Saturday, October 12, 2013

Discernment with Mandalas

This sketchbook cost $5
at Michaels
A couple weeks ago I was asked through a comment on an article what I thought about getting back into spiritual practice. It made me think a bit about discernment. We ask ourselves life choice questions all the time. Should I do "this"? Shouldn't I? What are my options? And we usually answer them on the fly. We just do or do not, depending on a quick assessment.

When I think of spiritual discernment, I think of a process that brings all that you are to the table to consider possibilities. Intentionality is key. We aren't just taking the quickest or easiest answer. And we are probably not asking questions like "what should I have for lunch?" Generally, the questions on the table are going to be questions of personal calling or becoming.

About a decade or so ago I was introduced by a spiritual director to a wonderful tool for discernment: mandalas. A mandala is meant to open you up to your depths so that you can find what you need to know through pictures. One does not have to be an artist to create a mandala. One just has to be open.

I'm sure there are many ways to create a mandala. Here's the process I was shown. I have no idea how much I have tweaked this process over the years, but it works for me.

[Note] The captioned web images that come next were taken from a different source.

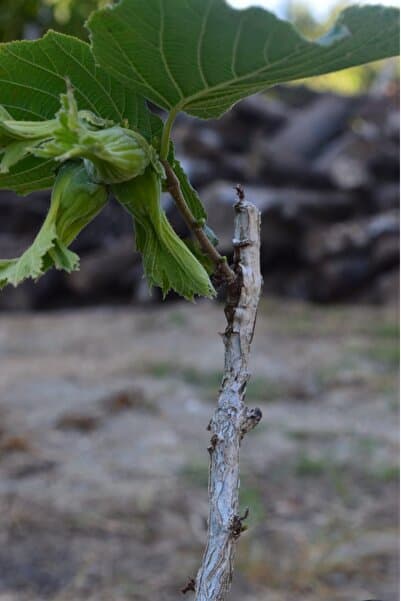 ŞANGULOĞLU Tek Ağaç Sistemi Sertifikalı Corylus Colurna Aşılı Fındık Fidanı Tüplü Verime Hazır 30-45 Cm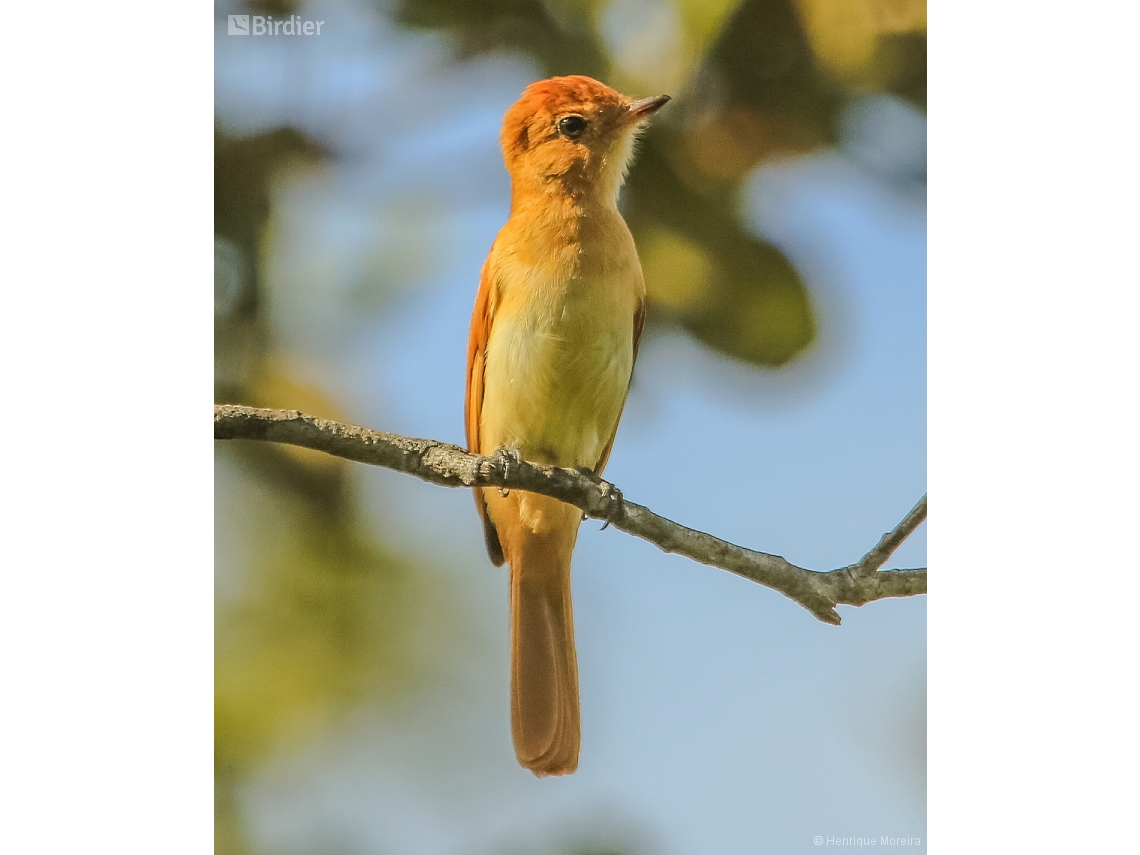 Casiornis rufus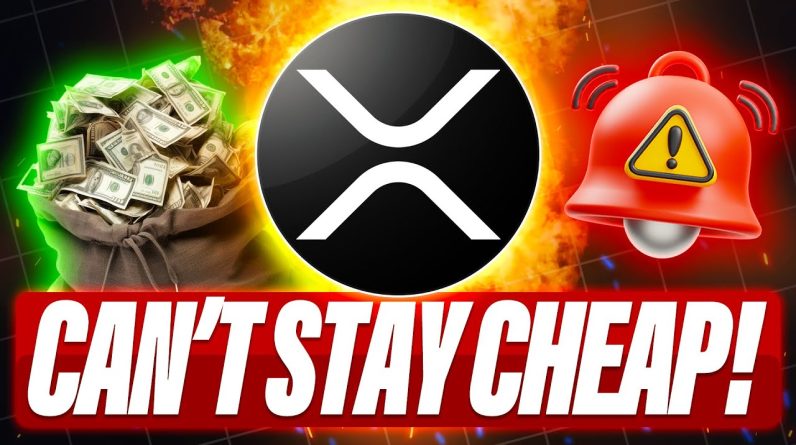 OWN XRP & BE YOUR OWN BANK - WHY XRP CAN'T STAY CHEAP & MORE XRP NEWS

This mess is where it begins
First, select some sort of book that is meaningful to you. I recommend a sketchbook of some sort since they don't have any lines (this one might work, or this one). Keep in mind that this is a personal journal. You will probably find yourself wrestling with private thoughts and feelings, some of which you won't want others to know about. Once you start creating mandalas, treat them as very private information, otherwise you will try to control the outcome. The more private it is, the more likely you are to be open. This book will be a sacred tool. If you decide to show snippets to others, that's your choice.

You will also need several colored pens or pencils. Again, I recommend that you set these writing utensils aside and not use them for anything else. Not being able to find that green pen for a mandala because you used it for your grocery list is is frustrating.

Next, find a quiet place. You will probably be here for a half hour to an hour, so it also needs to be comfortable. If you are into aesthetics, adorn the space with candles, bowls of water, or whatever symbolizes the sacred to you. Now, we're ready to begin the actual process.

Sit comfortably with the book in front of you, holding a pen. Take a deep breath. Let tensions release. Keep breathing and releasing tensions until you are ready. If you are the praying type, a prayer for inspiration would work well here.

Notice the baby, samurai,
mountain with a glowing crack,
angry fish, and swirling water
When you feel ready, place the pen in the center of the page and close your eyes. Relax. You are not in a hurry to create a product. As you see motion in the darkness, follow it with your pen. Keeping your off-hand fingers along the edge of the book will help you know your boundaries. Continue marking the page, never letting your pen leave the surface. Once you feel you are done marking, with your eyes closed, set aside the pen and paper and fall into a meditative state. Stay as long as you need to.

Eventually, it will be time to return. Open  your eyes slowly. You will see a bunch of scribbles on the page. Now it's time to start putting them together.

What do you see on the page? What images and shapes stand out? Identify those images and start to outline and color them. As you draw out the image, ask yourself what it might mean and why. As multiple images appear and develop, ask why they are appearing together. What is going on in your life that this image took on this particular meaning as you explore it? And finally, ask yourself what it all might mean for the direction you are going.

Mandalas are tools that can help you enter into a dialogue with your deeper self. Sometimes they help you to affirm and find confidence in who you are. Sometimes they unsettle as you find yourself asking, "where did that come from?" As a tool for discernment, it isn't a magic bullet that gives you certain answers. It is an aid to help you make decisions and to grow. Like any discipline, the more regularly you practice, the more you will benefit from it.


Image source: mine

3 comments:

Paul Clouse said...

I've never ran into this before, what a cool idea! It's like an active form of Visio Divina.

irreverance said...

Thank you for the reply and kind words. I've never heard the phrase "Visio Divina" before. A google search brought me to this article (http://www.patheos.com/Resources/Additional-Resources/Praying-with-Art-Visio-Divina.html). I have used images before like this, but was unaware of what it was called.


For anyone reading, I recommend checking that link out. There is some good stuff in that article. Paul's assessment is spot on.

irreverance said...

Thank you for the reply and kind words. I've never heard the phrase "Visio Divina" before. A google search brought me to this article (http://www.patheos.com/Resourc.... I have used images before like this, but was unaware of what it was called.

For anyone reading, I recommend checking that link out. There is some good stuff in that article. Paul's assessment is spot on.